Hacia 1921, Marinetti escribió en sus diarios: "La humanidad necesita hoy una nueva religión que sintetice y organice todas las supersticiones, todas las pequeñas religiones íntimas, todos los cultos secretos...". Hacía falta un poco de fe, unas cuantas ideas que amueblaran el paisaje del futuro y el ímpetu necesario para seguir adelante con confianza. Mussolini defendía con ardor esa hipótesis: "Nosotros deseamos creerlo, nosotros debemos creerlo, la humanidad no necesita un credo. La fe mueve montañas porque da la ilusión de que las montañas se mueven. La ilusión es, quizá, la única realidad de la vida". El futurismo se ocupó de engrasar esa ilusión. Y fueron muchos los que creyeron en ese futuro radiante que prometía el fascismo.
Italia fue uno de los países vencedores de la Primera Guerra Mundial, ésa que consagraron los futuristas como camino de purificación y perfección, y que había sido al final un infierno de proporciones monumentales, así que, por mucho que se hubiera ganado, la sensación general —la atmósfera, el clima— era de derrota. Ese ambiente facilitó el surgimiento del fascismo, que el historiador Emilio Gentile definió en su libro Fascismo. Historia e interpretación como "un movimiento político y social nuevo, nacionalista y modernista, revolucionario y totalitario, místico y palingenésico, organizado en un nuevo tipo de régimen fundado en el partido único, en un aparato policial represivo, en el culto al líder y su organización, en el control y la movilización permanente de la sociedad en función del Estado".

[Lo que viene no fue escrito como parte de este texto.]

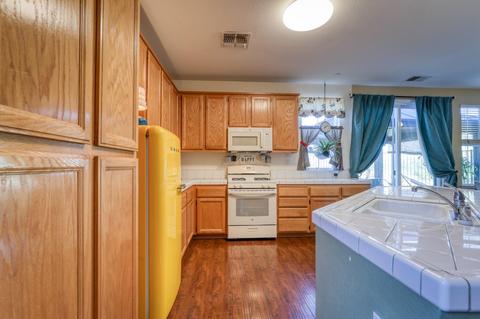 886 Courtyards Loop, Lincoln, CA 95648 photo 12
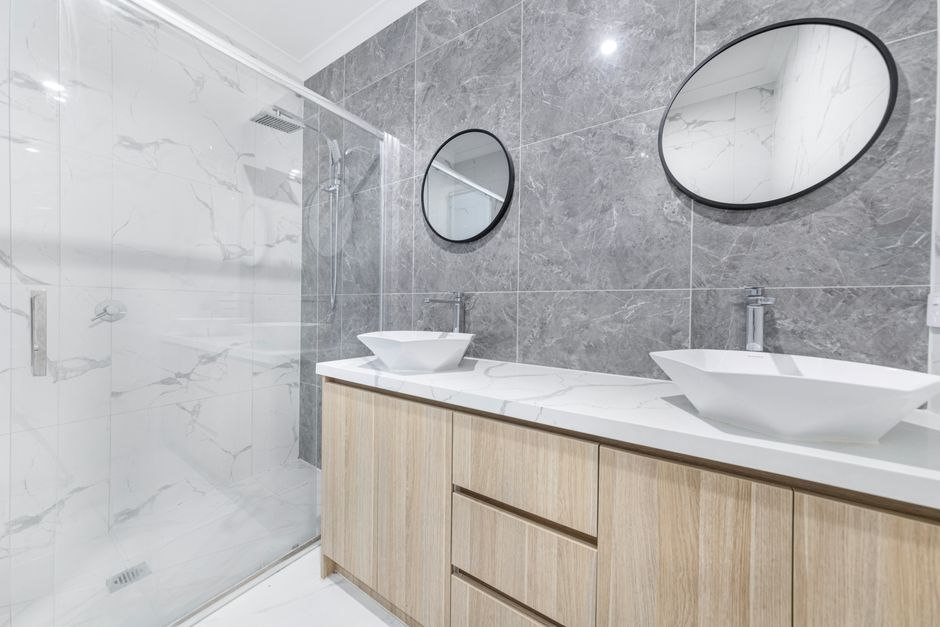Bagno ristrutturato con nuovi sanitari e rubinetteria moderna a Napoli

'Risa cínica': Depero en Roma, 1915.
El artífice de la novedad, Benito Mussolini, tuvo que abandonar el Partido Socialista precisamente por defender ardientemente la guerra, y apoyó entonces a los Fasci di Azioni Rivoluzionaria. El 23 de marzo de 1919 fundó el fascismo propiamente dicho. Poco después surgió el Fascio di Combattimento que, en noviembre de 1921, se convertiría en el Partito Nazionale Fascista. La influencia de los futuristas era en esos días tan innegable como la violencia de los camisas negras. El triunfo definitivo se produjo tras la marcha fascista sobre Roma, entre el 27 y el 29 de octubre de 1922, una vez que Víctor Manuel III se negara a facilitarle al Gobierno los instrumentos para detener el fulminante avance del nuevo partido. Mussolini se convirtió poco después, tras la dimisión del Gobierno, en el primer ministro más joven de Italia. En abril de 1924 hubo elecciones y las ganaron los fascistas con el 66% de los votos. El 3 de enero de 1925 empieza la dictadura: plenos poderes para Mussolini, fin de la libertad de prensa, creación de la policía secreta e inicio del voluptuoso idilio entre el Duce (una figura “infalible, sagrada e inviolable”) con unas masas que se rinden fascinadas a su autoridad y que aceptan a ciegas la consigna: “credere, obbedire, combattere”.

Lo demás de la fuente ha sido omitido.